- Theatrical release poster
- Italian: Tu la conosci Claudia?
- Directed by: Massimo Venier
- Written by: Aldo, Giovanni & Giacomo Massimo Venier Valerio Bariletti Walter Fontana
- Produced by: Paolo Guerra
- Starring: Aldo Baglio Giovanni Storti Giacomo Poretti Paola Cortellesi
- Cinematography: Marco Pieroni
- Music by: Andrea Guerra
- Distributed by: Medusa Film
- Release date: 15 December 2004;
- Running time: 94 minutes
- Country: Italy
- Language: Italian

= Do You Know Claudia? =

2004 film by Massimo Venier

Do You Know Claudia? (Tu la conosci Claudia?) is a 2004 comedy film directed by Massimo Venier and starring Aldo, Giovanni & Giacomo.

==Plot==
Claudia and Giovanni have been married for seven years, but they are going through a relationship crisis. Claudia is convinced that helping someone else could be the best way to fix her problems, so she later steals a medical chart from her psychoanalyst’s office. That chart belongs to another patient, Giacomo. Claudia then starts to date him platonically. Giacomo, a divorced and depressed 40-year-old man, benefits a lot from Claudia's company and falls in love with her. This also greatly improves his mood.

Aldo, a taxi driver, is Claudia's lover. Since he’s convinced that Giovanni is her husband, he starts seeing him everywhere. Meanwhile, Giovanni becomes suspicious of Claudia and starts following her everywhere she goes, assuming that she’s cheating on him with Giacomo.

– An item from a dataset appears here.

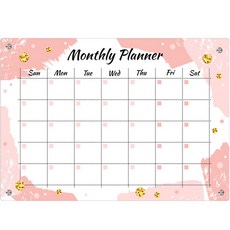 Half Winnie粉色塗鴉週間行程表磁吸式備忘板, 混色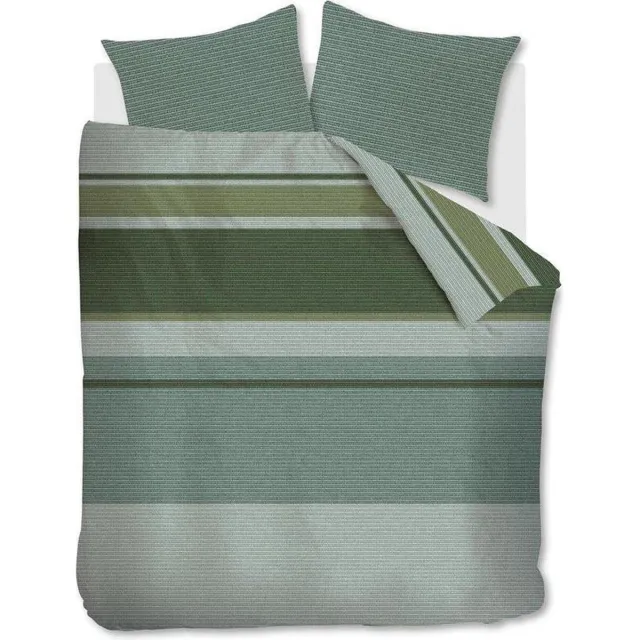 At Home by BeddingHouse Comprise Dekbedovertrek - Lits-jumeaux - 240x200/220 cm - Groen Green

Aldo, Giovanni and Giacomo get involved in a car crash, and Giovanni strategically becomes friends with Giacomo to find out if he’s Claudia’s secret lover — while Aldo is still convinced that Giovanni is Claudia’s husband. After a discussion, the three men decide to drive to Calabria together, where Claudia went to isolate herself to ask her to choose one of them. During the journey, thanks to a picture shown by Giacomo, Aldo discovers that Claudia is not the same Claudia he was hanging out with.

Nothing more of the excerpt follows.